C’est la preuve que les annonces du pouvoir sont restées sans effet : le report de l’élection et donc la prolongation sine die du mandat présidentiel, des « changements importants au sein du gouvernement » et la création d’une « conférence inclusive et indépendante » chargée de « l’élaboration et l’adoption de tous types de réformes devant constituer le socle du nouveau système ».
La démocratie algérienne
Dans Le Monde, le juriste Rostane Mehdi estime que « rien dans la Constitution actuelle n’autorise ni le report de l’élection présidentielle ni la prolongation du mandat ». Et il indique les deux voies envisageables : « le retrait du titulaire de la fonction à l’issue prochaine de son mandat », soit le 28 avril. Ou, à défaut, la réunion du Conseil constitutionnel afin de proposer « conformément à l’article 102 de la Constitution, aux deux chambres (l’Assemblée populaire nationale et le Conseil de la nation) de déclarer l’état d’empêchement du chef de l’Etat ». Et après ? Le système semble à ce point verrouillé que tout est à réinventer. « De la Cour des comptes au Conseil national économique et social – instances neutralisées sous le règne de Bouteflika, dévitalisées et mises au pas – en passant par la guerre ouverte contre les syndicats autonomes, les associations et la presse indépendante, le régime n’a eu de cesse de mater les voix discordantes » résume Adlène Meddi dans l’hebdomadaire_Le 1_. L’ancien rédacteur en chef d’El-Watan évoque la conception de la démocratie mise en œuvre par l’atrabilaire et désormais grabataire président : elle se réduit à « son volet électoral :
La démocratie n’est pas un système de valeurs en soi, mais un mécanisme qui permet de distribuer – loin des véritables sphères du pouvoir – une rente aux différents courants politiques en termes de postes de responsabilité de second niveau ou de quotas dans les assemblées élues.

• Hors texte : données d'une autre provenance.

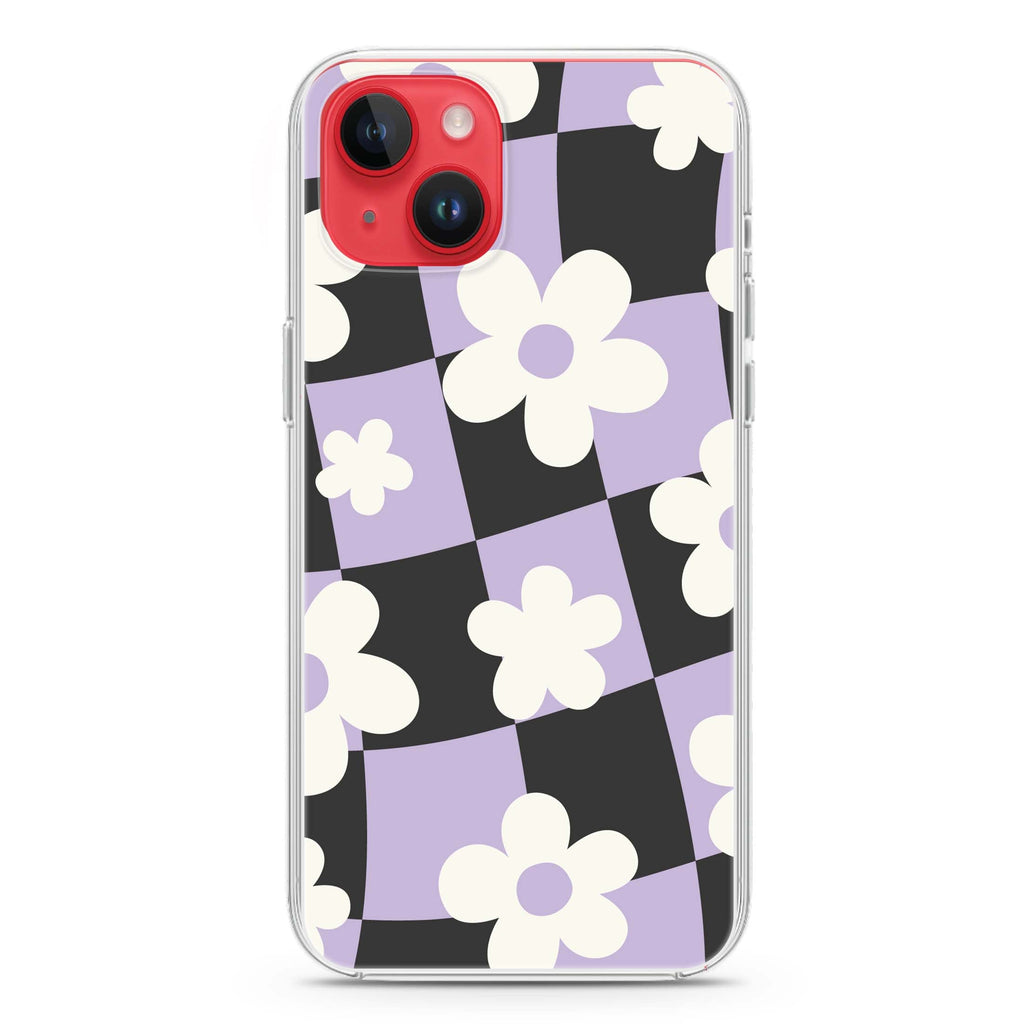 Flowers Pattern iPhone 14 Plus Ultra Clear Case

Avec l’allégeance comme seul mode de gouvernance, et pour prébende les marchés publics, une oligarchie d’entrepreneurs s’est infiltrée dans la brèche et a fini par constituer « un État dans l’État », avec le pouvoir « de nommer des ministres et de dicter des décrets ». D’où le commentaire de Mohamed Kacimi : « Bouteflika incarne un régime insensible à toute critique ». L’écrivain souligne que « quinze millions d’Algériens sont dans les rues, dont le plus vieux n’a pas 25 ans, et le régime ressort des placards Lakhdar Brahimi, 85 ans, pour diriger la conférence nationale de transition ! » Un diplomate qui s’est notamment illustré comme médiateur de l’ONU en Syrie, et qui, aux dernières nouvelles, aurait déclaré forfait. Et Mohamed Kacimi de dénoncer le visage actuel de la corruption : les entreprises chinoises « qui bâtissent la grande mosquée d’Alger, une mosquée à trois milliards de dollars dans un pays où pas une seule salle de cinéma, pas une seule galerie d’art n’a été construite depuis le départ des Français… » Selon lui, la clé de la situation c’est l’armée, à laquelle le pays alloue le quart de son budget. Et de fait, l’un des paradoxes de la fin de règne du président qui se méfiait des généraux c’est la montée en puissance du premier d’entre eux, le chef d’état-major, Gaïd Salah, devenu le visage et la voix du pouvoir. « Il a remplacé Bouteflika dans la fonction de principal animateur du journal télévisé et s’est imposé médiatiquement. Bien plus que les autres personnalités du système », souligne Akram Kharief, journaliste algérien spécialisé dans les questions de défense. Dans une déclaration récente et très commentée, le général a affirmé : « L’armée et le peuple partagent la même vision de l’avenir ».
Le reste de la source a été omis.